Created on 2 Aug 2017 · 6Comments · Source: ClickHouse/ClickHouse

I can see that Clickhouse has a backup feature which is described in the documentation: https://clickhouse.yandex/docs/en/query_language/queries.html#backups-and-replication. What I think might be useful for users is an incremental backup that should prevent from total disasters like major hardware failures or simply human errors. Elasticsearch, for example, has plugins which allow users to take data snapshots for all indices (index is just an equivalent in Clickhouse table) or just a subset of indices. One of such plugins allows users to send data to distributed storage like AWS S3, Azure storage or Google Cloud Storage. Storing backups in S3 has 2 major advantages: cuts costs and in addition to that S3 is very durable. Some companies have also large HDFS clusters which can be also used to keep backups.

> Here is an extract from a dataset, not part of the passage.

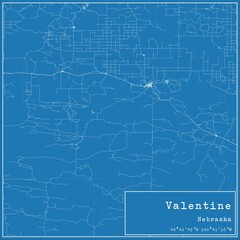 Blueprint US city map of Valentine, Nebraska.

In the title of this issue, I mentioned incremental backups which also have a huge advantage and can be useful in Clickhouse. For more sophisticated tasks Clickhouse users can/should use MergreTree data engine. Since MergeTree uses merged blocks I believe some of those become immutable after some time. This means one could hypothetically create one full snapshot and then create incremental snapshots every day or every hour. Each incremental snapshot will require Clickhouse to send only new blocks to distributed storage system. Incremental backups can make Clickhouse more durable because snapshots will become inexpensive to execute and store.

feature operations

Source

prog8

👍15

Most helpful comment

@AlexAkulov you could have saved everyone a few clicks by providing a direct link: https://github.com/AlexAkulov/clickhouse-backup/ 😉

blinkov on 13 May 2019

👍4

All 6 comments

This would be great and make CH more appealing to organizations that need really production-ready, mature tech. Is this something that could be added to CH roadmap for early 2018?